The Cullens are indeed vampires, but have "renounced human blood based on moral grounds." Time recently featured an article (linked here) about Meyer's series, and in it I learned some pretty intriguing facts about the author and her characters. Her intended theme is the importance of doing the right thing regardless of what all the other kids are doing, and her books are free of the usuals that tend to plague young adult literature. There is no underage drinking, smoking, sex, etc. Edward and Bella rarely do anything beyond holding hands. Meyer actually shares in the Time article that she resists pressure to include intense sex scenes, because that is so prevalent elsewhere. She says that "you can go anywhere for graphic sex. It's harder to find a romance where they dwell on the hand-holding. I was a late bloomer. When I was 16, holding hands was just--wow."
But high school students aren't reading the Twilights because they are clean. They are reading them because of how incredibly well they are written.
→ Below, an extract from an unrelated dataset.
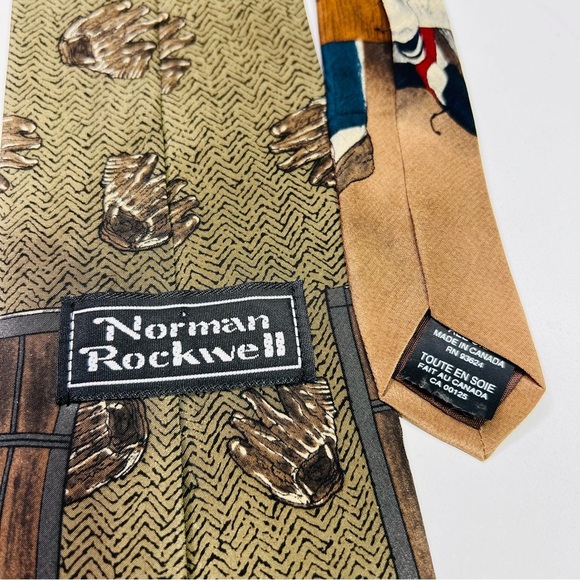 Norman Rockwell Artistic Brown Tie - Picture 2 of 4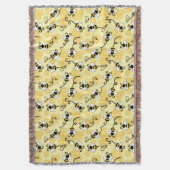 Niedliches Bienenmuster Decke (Vorderseite Vertikal)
These stories take an ancient plot concept and give it a very fresh twist. The normal vampirish myths (intolerance for garlic, crucifixes, etc.) are debunked, but there is a pretty odd sensitivity to light that you'll have to discover for yourself. Meyer also does a fantastic job of planting little seeds of information in the first book that become huge branches of the plot in the second and third books.
So there ya go. This may not clear any at all of the confusion surrounding those vampire books, but al the very least now you'll know what the kids are reading!